Loryn KASS, Plaintiff-Respondent, v. David J. GRAIS, et al., Defendants-Appellants.

Decided: October 27, 2009

MAZZARELLI, J.P., ANDRIAS, MOSKOWITZ, RENWICK, RICHTER, JJ. Grais & Ellsworth LLP, New York (Molly L. Pease of counsel), for appellants. Tannenbaum Helpern Syracuse & Hirschtritt LLP, New York (David J. Kanfer of counsel), for respondent.

Order, Supreme Court, New York County (Charles E. Ramos, J.), entered October 31, 2008, which granted plaintiff's motion for summary judgment, denied defendants' cross motion for such relief, and declared that plaintiff effectively revoked her offer to purchase certain residential property, unanimously affirmed, with costs.

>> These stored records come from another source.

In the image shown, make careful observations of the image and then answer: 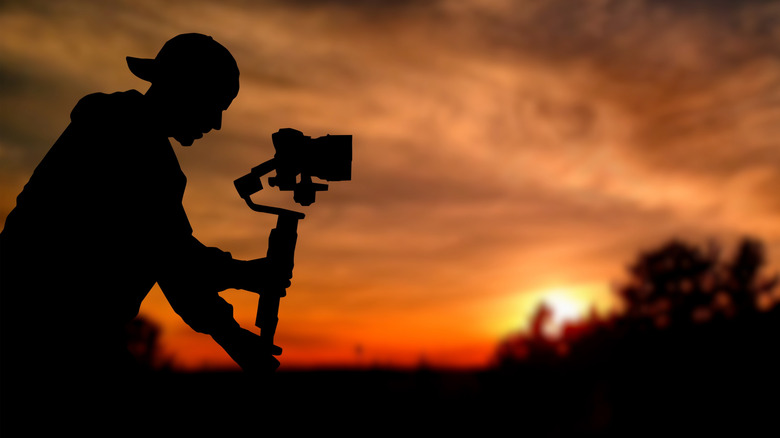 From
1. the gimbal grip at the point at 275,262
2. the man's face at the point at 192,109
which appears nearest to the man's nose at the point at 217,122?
the man's face at the point at 192,109

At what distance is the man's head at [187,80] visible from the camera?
380 centimetres

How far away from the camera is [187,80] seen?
3812mm

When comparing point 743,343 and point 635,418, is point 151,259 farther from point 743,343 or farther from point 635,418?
point 743,343

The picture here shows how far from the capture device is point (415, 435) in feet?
56.1

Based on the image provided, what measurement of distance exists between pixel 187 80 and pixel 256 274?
1.30 meters

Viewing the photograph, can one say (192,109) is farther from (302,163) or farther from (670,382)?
(670,382)

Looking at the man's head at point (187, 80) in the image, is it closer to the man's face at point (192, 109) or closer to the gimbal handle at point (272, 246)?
the man's face at point (192, 109)

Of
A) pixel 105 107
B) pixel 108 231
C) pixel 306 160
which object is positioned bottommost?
pixel 108 231

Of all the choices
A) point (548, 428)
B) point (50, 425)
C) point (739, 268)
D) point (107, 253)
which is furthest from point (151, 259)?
point (739, 268)

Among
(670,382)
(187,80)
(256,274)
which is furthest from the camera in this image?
(670,382)

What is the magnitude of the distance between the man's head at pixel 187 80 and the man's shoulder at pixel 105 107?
207mm

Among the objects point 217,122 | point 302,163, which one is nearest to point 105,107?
point 217,122

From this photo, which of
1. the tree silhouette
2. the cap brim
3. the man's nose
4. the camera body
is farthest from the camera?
the tree silhouette

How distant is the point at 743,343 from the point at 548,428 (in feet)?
43.6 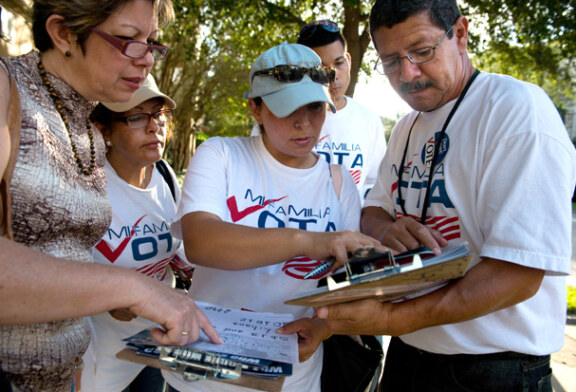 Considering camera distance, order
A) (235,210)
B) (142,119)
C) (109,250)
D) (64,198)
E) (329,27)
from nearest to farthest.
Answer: (64,198), (235,210), (109,250), (142,119), (329,27)

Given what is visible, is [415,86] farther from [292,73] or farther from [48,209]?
[48,209]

 Some 20 minutes after plaintiff had notified defendants' attorney that she was withdrawing her offer to purchase certain residential property owned by them, the fully executed contract was delivered by Federal Express.   Defendants have insisted on enforcing the contract, invoking the so-called mailbox rule, which, in the context of contract law, stands for the proposition that a contract is considered to have been made at the time a letter of acceptance is placed in possession of the postal service and not when actually received.   Plaintiff thereupon commenced this action for a declaration that the contract was of no force and effect.

 Although the mailbox rule has never been extended to encompass the delivery of a contract by Federal Express, defendants propose applying the rule to this purchase contract, notwithstanding the postdating of such contract to the date of delivery.   Pursuant to section 25 of the purchase contract, “any notice to Escrowee shall be deemed given only upon receipt by Escrowee and each Notice delivered in person or by overnight courier shall be deemed given when delivered.”   It is undisputed that plaintiff withdrew her offer to purchase defendants' property before the fully executed contract was delivered.   Defendant argues for excluding the executed contract from the ambit of section 25 because that provision uses the word “notice.”   To the extent section 25 could be considered ambiguous, which it is not (see Greenfield v. Philles Records, Inc., 98 N.Y.2d 562, 569, 750 N.Y.S.2d 565, 780 N.E.2d 166 [2002] ), it is well settled that any ambiguity must be construed in plaintiff's favor and against defendants, who drafted it (see Matter of Cowen & Co. v. Anderson, 76 N.Y.2d 318, 323, 559 N.Y.S.2d 225, 558 N.E.2d 27 [1990] ).